TASK DESCRIPTION ::
Repeat the records below exactly from the line containing "1:43 Spark Audi" to the line containing "Char Char Califa", taking in both of those lines. Drop the pictures.

MATERIAL SUPPLIED ::

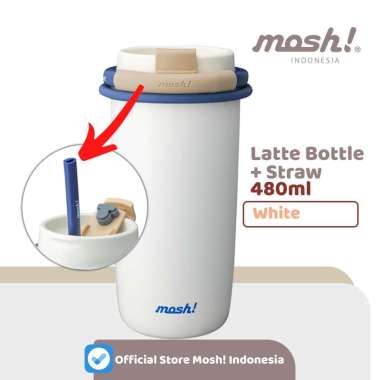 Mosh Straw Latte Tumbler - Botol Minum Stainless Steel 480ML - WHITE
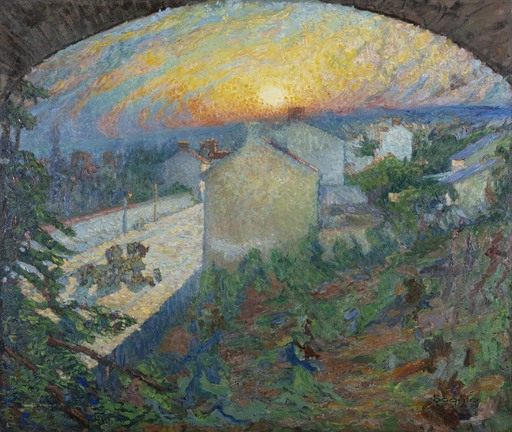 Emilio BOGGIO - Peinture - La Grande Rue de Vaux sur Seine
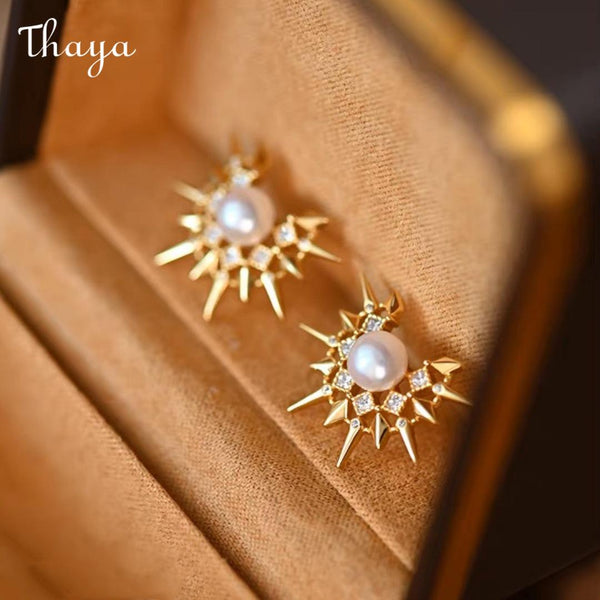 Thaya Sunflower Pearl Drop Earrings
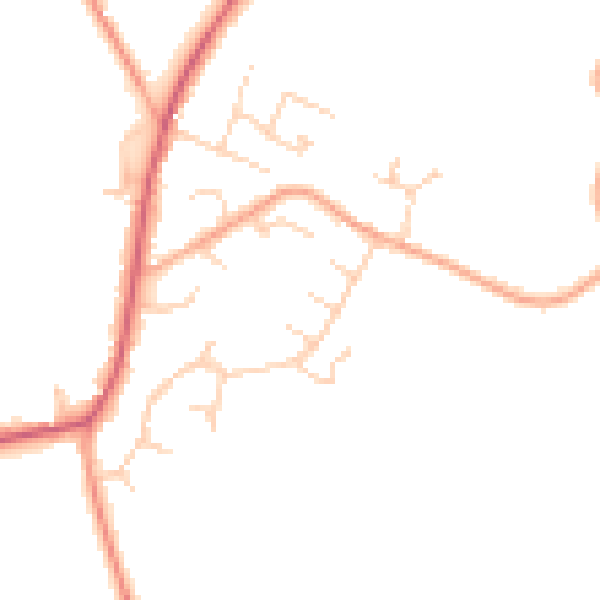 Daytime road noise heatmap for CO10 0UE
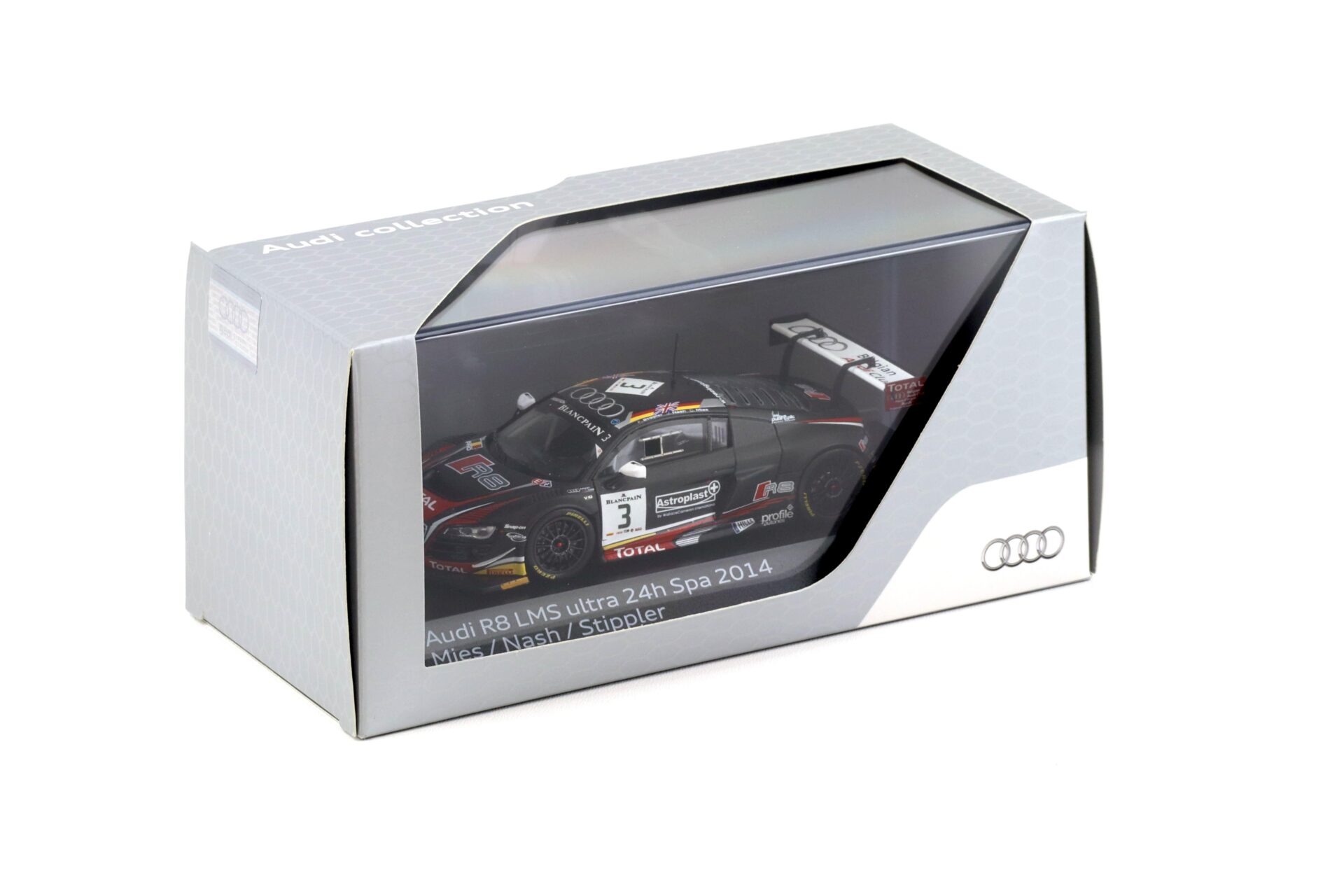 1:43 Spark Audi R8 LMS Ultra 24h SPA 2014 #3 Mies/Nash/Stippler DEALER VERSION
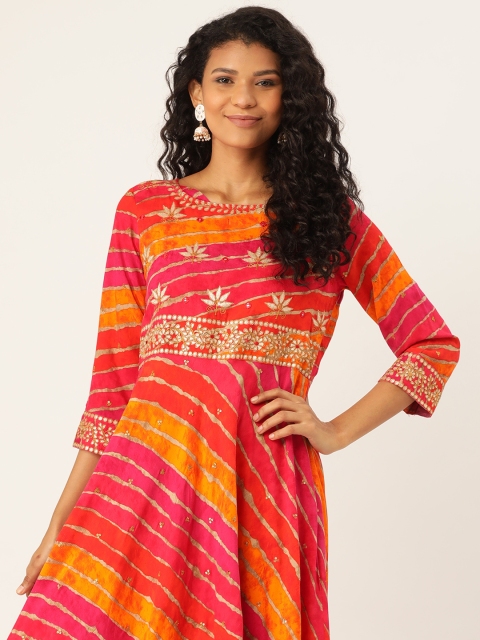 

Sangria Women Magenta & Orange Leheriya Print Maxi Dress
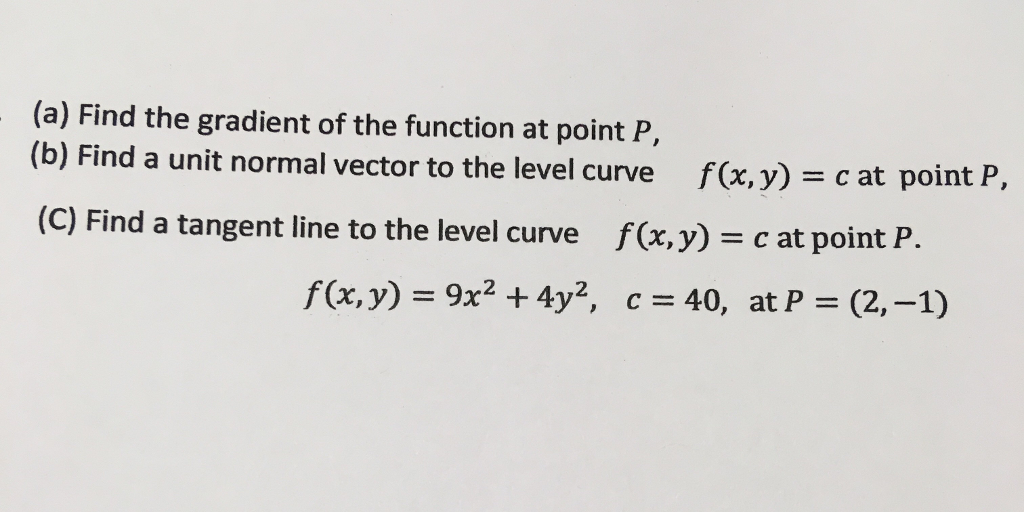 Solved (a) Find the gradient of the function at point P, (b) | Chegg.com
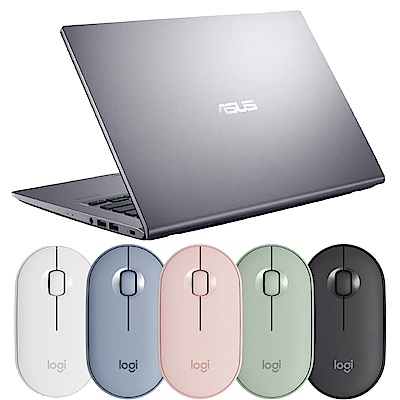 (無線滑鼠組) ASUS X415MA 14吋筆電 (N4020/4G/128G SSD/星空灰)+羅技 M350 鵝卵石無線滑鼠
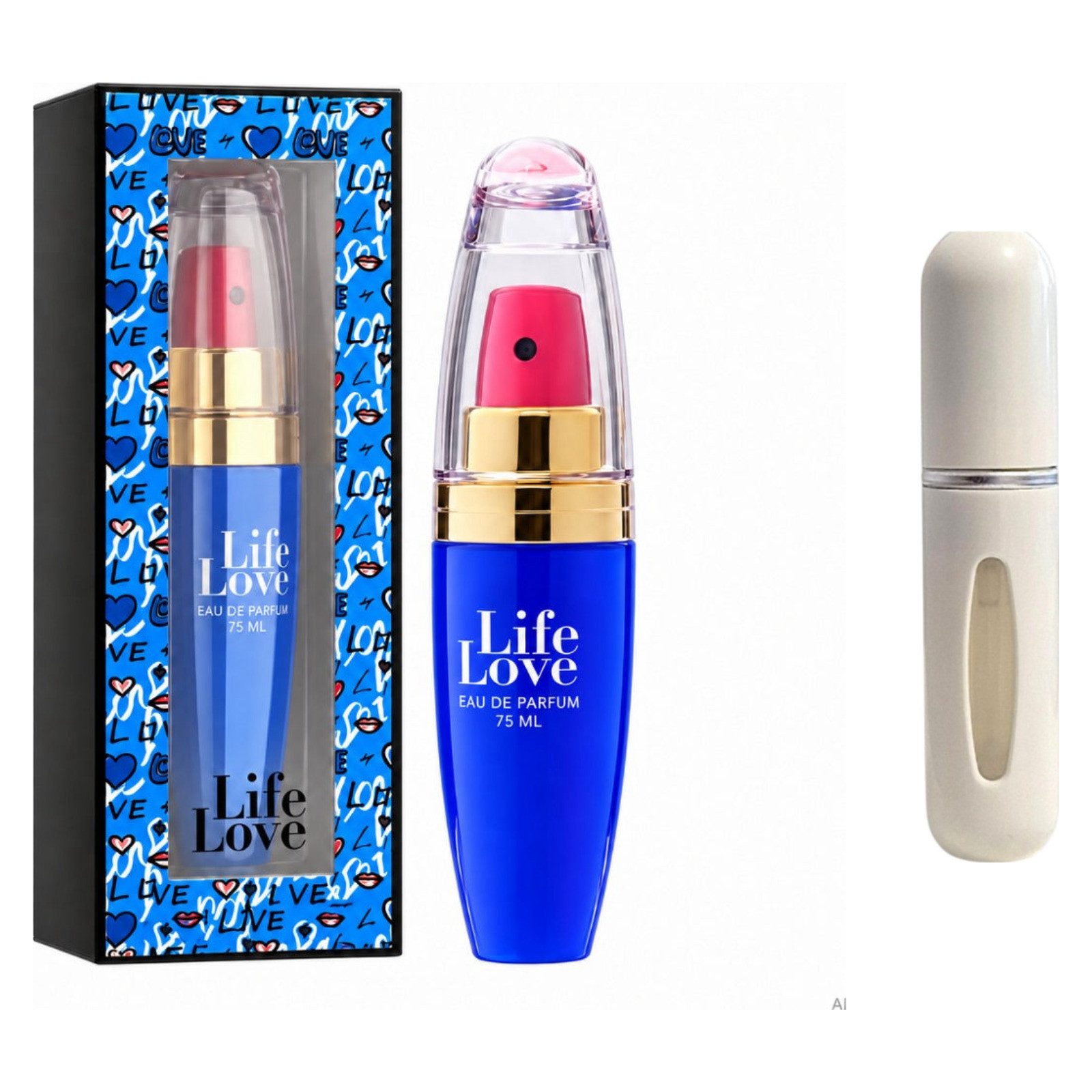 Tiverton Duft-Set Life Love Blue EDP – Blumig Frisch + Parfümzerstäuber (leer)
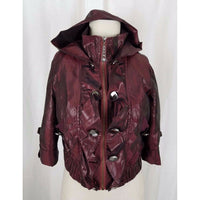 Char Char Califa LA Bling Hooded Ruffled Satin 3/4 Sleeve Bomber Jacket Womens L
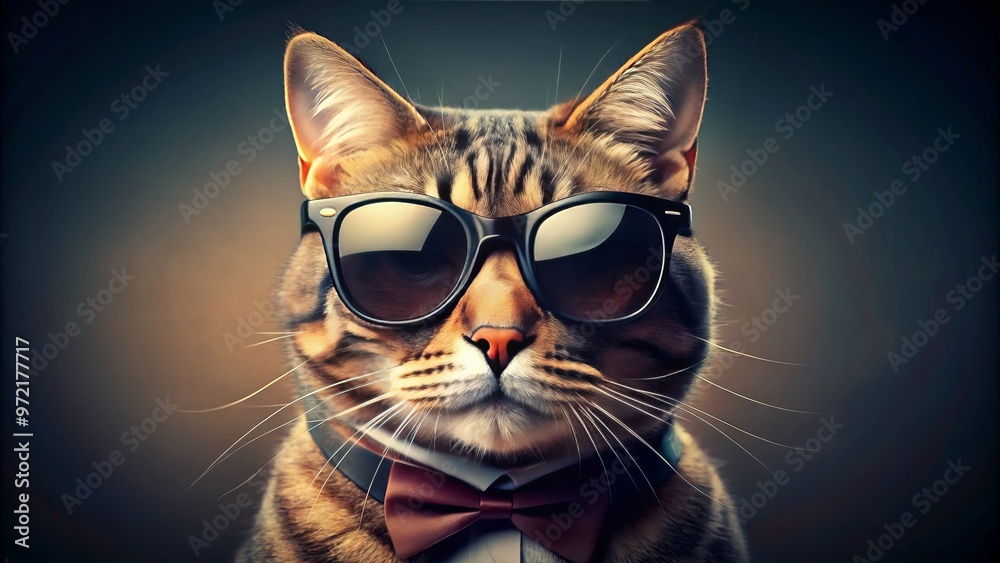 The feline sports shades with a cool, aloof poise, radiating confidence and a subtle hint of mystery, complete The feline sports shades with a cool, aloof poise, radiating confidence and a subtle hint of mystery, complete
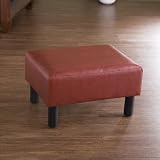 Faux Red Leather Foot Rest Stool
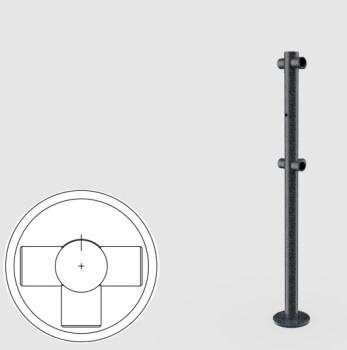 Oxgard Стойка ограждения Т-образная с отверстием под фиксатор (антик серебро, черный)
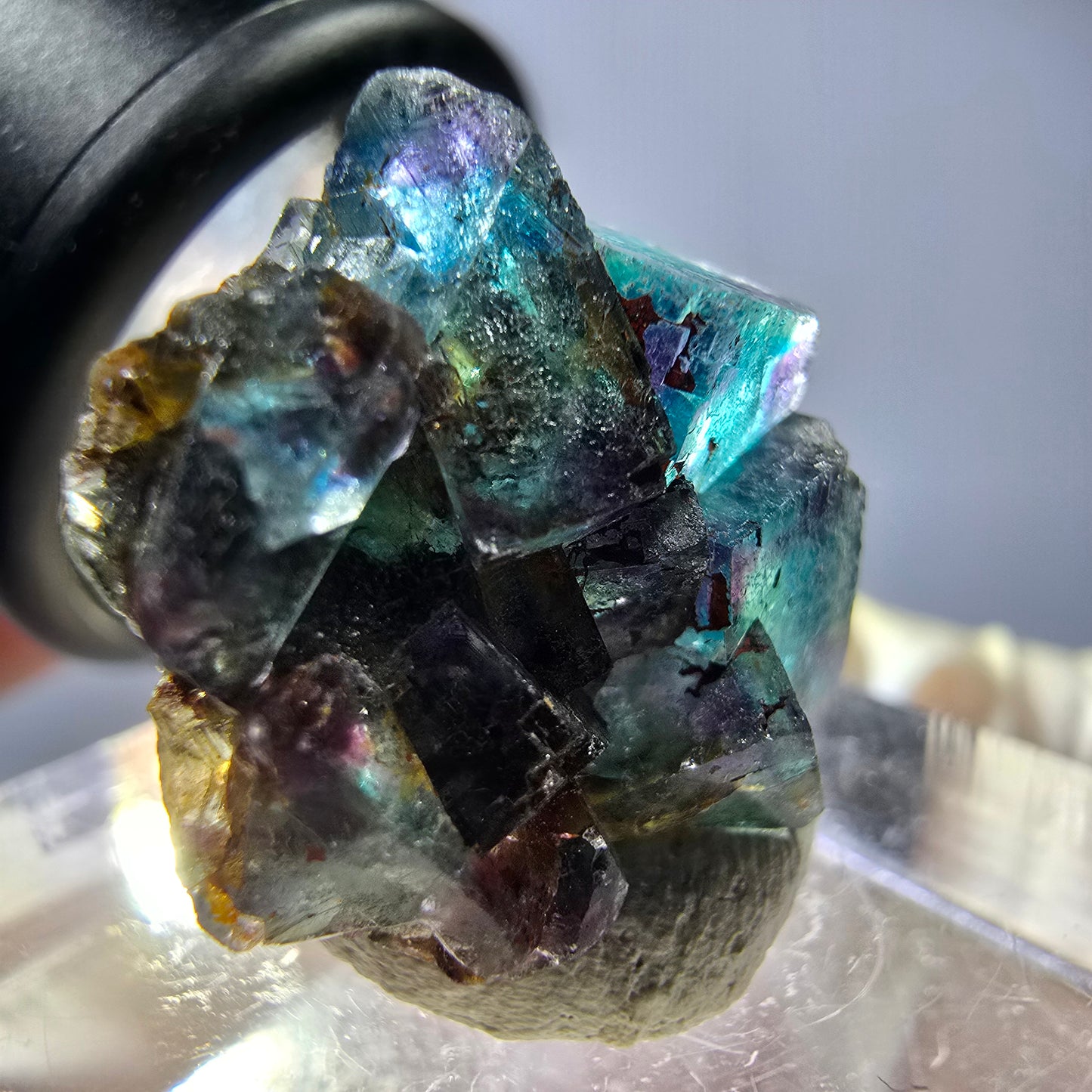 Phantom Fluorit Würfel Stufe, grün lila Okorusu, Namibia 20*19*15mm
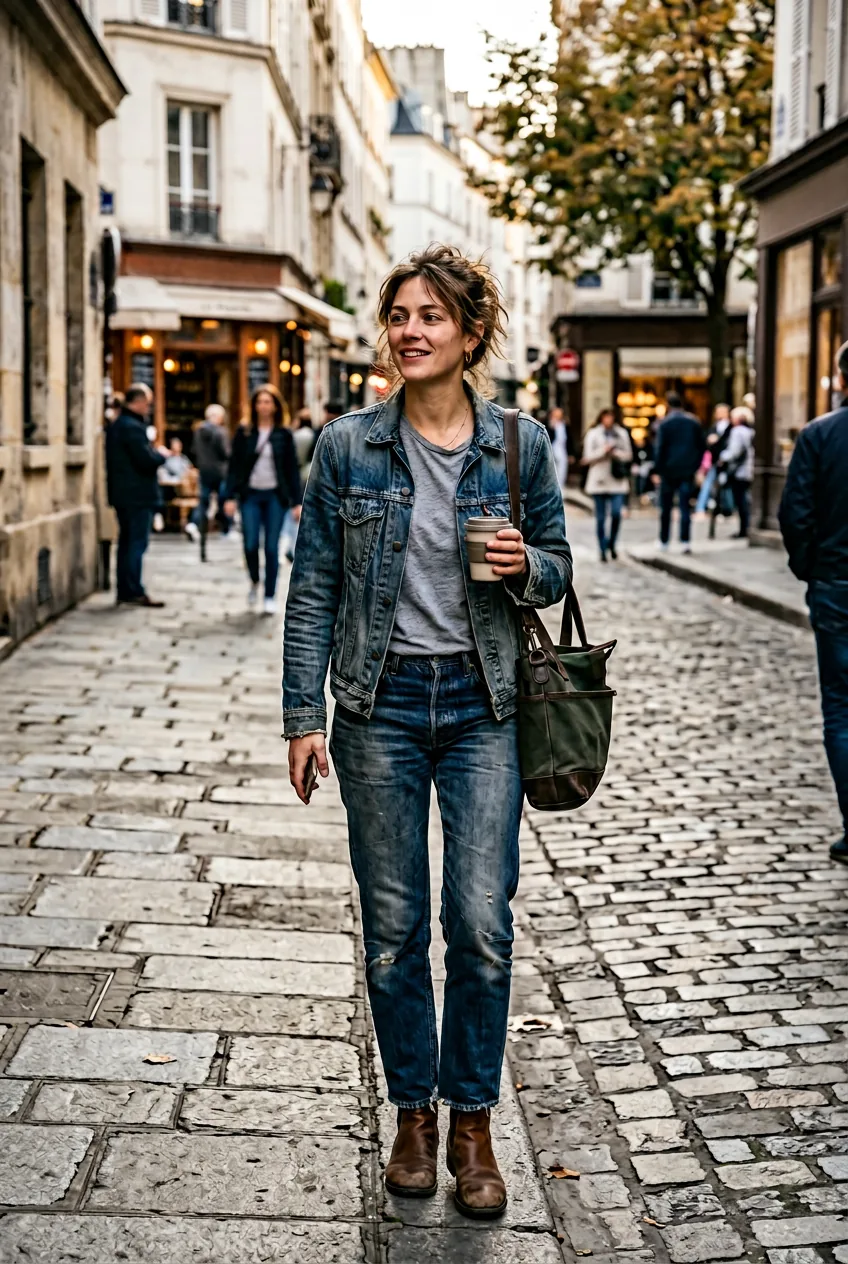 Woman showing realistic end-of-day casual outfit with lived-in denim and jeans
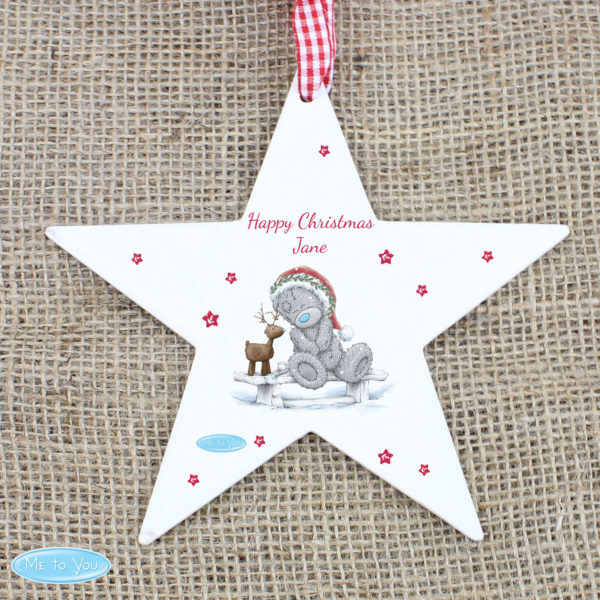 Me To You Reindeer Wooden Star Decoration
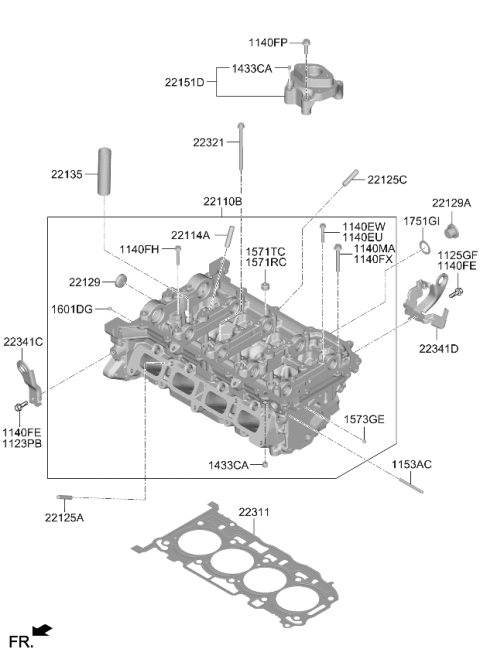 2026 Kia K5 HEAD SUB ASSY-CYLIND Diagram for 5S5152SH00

RESULT OF THE TASK ::
 1:43 Spark Audi R8 LMS Ultra 24h SPA 2014 #3 Mies/Nash/Stippler DEALER VERSION

Sangria Women Magenta & Orange Leheriya Print Maxi Dress
 Solved (a) Find the gradient of the function at point P, (b) | Chegg.com
 (無線滑鼠組) ASUS X415MA 14吋筆電 (N4020/4G/128G SSD/星空灰)+羅技 M350 鵝卵石無線滑鼠
 Tiverton Duft-Set Life Love Blue EDP – Blumig Frisch + Parfümzerstäuber (leer)
 Char Char Califa LA Bling Hooded Ruffled Satin 3/4 Sleeve Bomber Jacket Womens L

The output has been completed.